• Resolved ajwe

    (@ajwe)


    I have an archive page that shows, for each post, a featured image and the post title. I’d like to apply a drop shadow to the featured image. I’ve tried a few different ways: (1) Editing the Styles -> Block -> Featured Image -> Additional CSS (this would be global); (2) Adding a selector that adds the drop shadow and applying that selector on my archive page to the featured image, then adding CSS to add the drop shadow.

    I do manage to get the drop shadow, but… The featured images are of various sizes and are scaled to appear 200×200 pixels (“Contain”), so that for images that aren’t square the drop shadow appears around the 200×200 space rather than around the image itself. That is, there’s a white margin around either the horizontal or vertical side of the image that shadow includes.
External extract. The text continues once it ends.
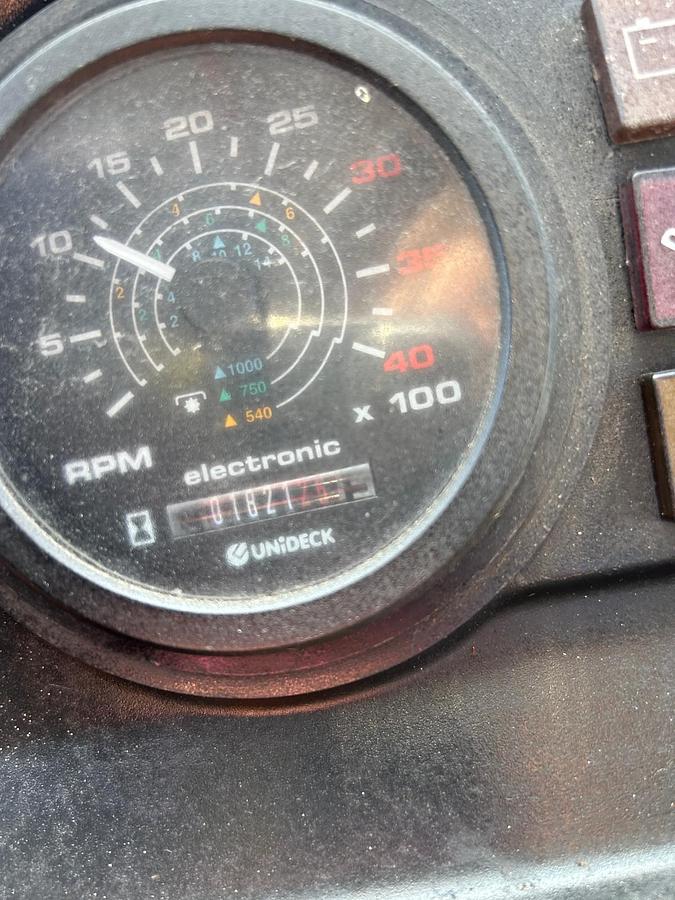 Usato Goldoni 664.D Compact- motore VM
    I’ve tried playing with the CSS selectors to only target the image, but haven’t found the trick. Any suggestions appreciated! (Or, if I’m going about this all the wrong way, please let me know!). Thanks.
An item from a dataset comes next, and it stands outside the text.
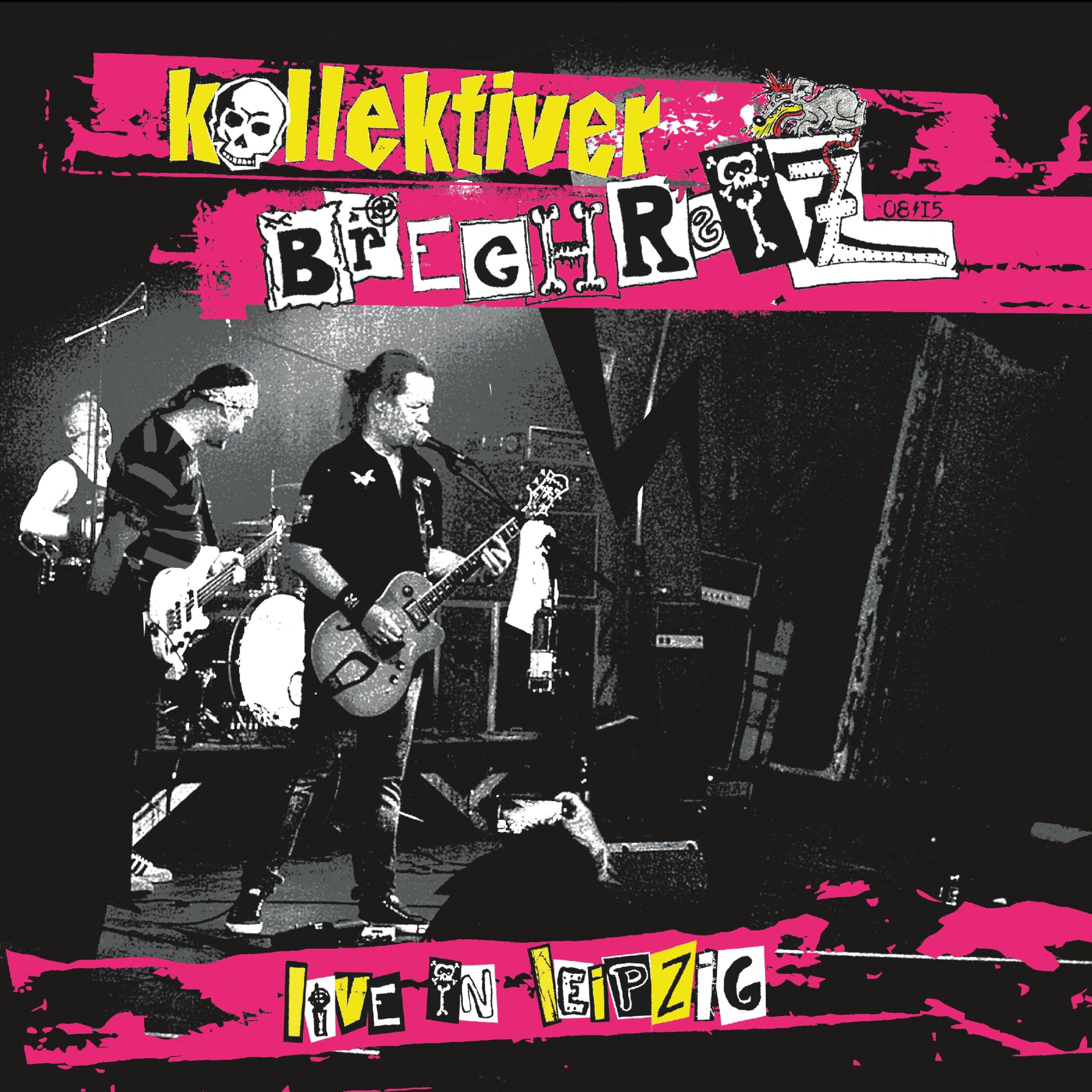 Live In Leipzig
Viewing 9 replies - 1 through 9 (of 9 total)
  • Moderator Felipe Santos

    (@foosantos)

    Hi there,

    Do you have a live link with an example? I could take a look at your structure and make it work as expected. Generally, the native block featured image already adds some classes, so you would likely not need to add additional classes.
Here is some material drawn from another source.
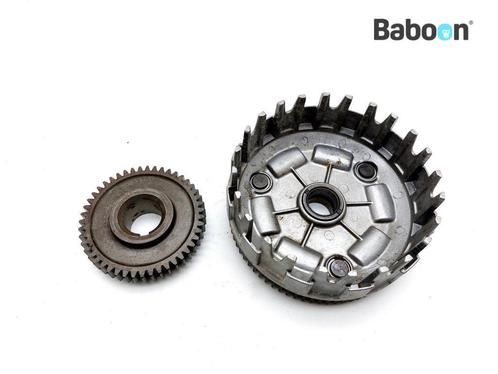 Koppelingshuis Yamaha XV 750 Virago 1981-1985 (XV750), Motoren, Onderdelen | Yamaha, Gebruikt, Verzenden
    Could you also share a screenshot of how it looks like when you try to add it? Please share as many details as you can, so we can quickly find a solution.

    Thread Starter ajwe

    (@ajwe)

    Hi Felipe,

    Thanks for the reply. My site isn’t live so I don’t have a link. I’ve currently gotten around this problem by not constraining the size of the featured images, and that fixes the dropshadow issue but isn’t quite the design I’d like.

    So, more details. I created a Test Page to recreate the issue (see image below, my actual post images are blurred out into colored blocks). There are two featured images, one that is in landscape orientation and another that is in portrait orientation. I’d like all of the images to be constrained to a max of 200×200 pixels (most of my featured images are square, but these two aren’t), so the featured image block is styled to have Original Aspect Ratio with W=200px and H=200px and Scale=Contain. I want the dropshadow only around the image portion. Also, I don’t want *all* featured images on the entire site to have this shadow, only those within a few specific query loops on the site.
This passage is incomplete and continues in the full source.